Low awareness on impacts of PCM overdose, finds study 

At least 72 percent of patients self-medicated themselves with paracetamol in the last one year, according to a study conducted at Phuentsholing General Hospital.

A team of doctors from Bhutan and abroad conducted the study in May this year. The sample size was 441.

“The awareness that paracetamol overdose is toxic to the liver was alarmingly low,” the study found.

The study showed that saving time and cost by avoiding a hospital visit were some of the reasons to self-medicate with paracetamol.

“Transportation costs around 26.7 percent of Nu 7,992 as healthcare expenditure for an overnight admission in a hospital in Bhutan,” the study stated.

Easy availability of paracetamol at shops was also another reason for usage of the medicine.

About 66 percent of the participants had also shared the medicine with others and about 30 percent of the participants had saved the medicine for future use.

While about 72 percent of those studied had paracetamol within the last one year, only 6.8 percent, which is 30 participants had good knowledge about the use of paracetamol.

The study assessed good knowledge with 20 questions including indications of paracetamol, dose and frequency, side effects, and possible benefits from self-medicating.    
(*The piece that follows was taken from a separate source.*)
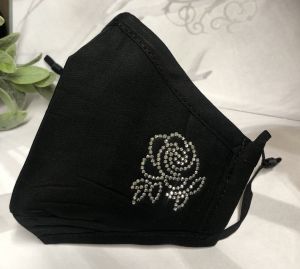 Sort med rose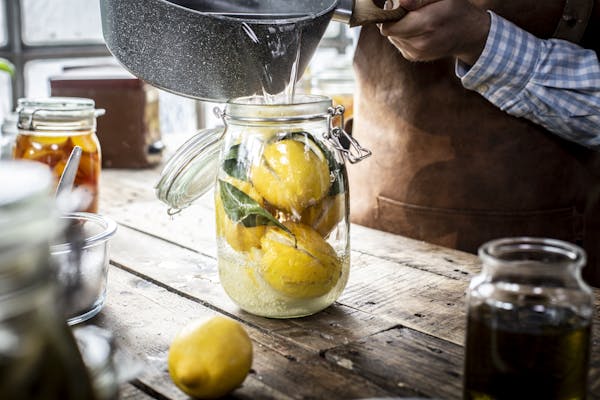 Marrokanische-Salzzitrone-Wasser-auf-Zitronen-giessen.jpg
The mean score on knowledge was 57.6 percent.

The study found that paracetamol is used for various purposes including headache, body ache, menstruation pain, common cold and fever.

The study states that about 11 percent of the participants were found using supra-therapeutic dose of paracetamol. This meant that about 47 participants were taking greater amount of paracetamol than the therapeutic concentration or is a maximum dose in a medical treatment.

“Some participants were found to be using (19.2–37.5 mg/kg) exceeding a maximum recommended dose of 15 mg/kg. The level of knowledge of the participants was significantly associated with the level of education,” the study stated.

The study is however limited to one large hospital in Bhutan and the results may not be generalizable to patient experience in other hospitals or clinics across the country.

The study stated that both accidental overdoses and deliberate self-poisoning are common enough to be of concern.

Since paracetamol is easily available in many brand names and in combinations, inadvertent overdose is potentially life threatening and should be considered a significant public health problem, the study states.

“Clinicians and public health officials should work together to bridge the gap in the rational use of paracetamol,” the study recommends.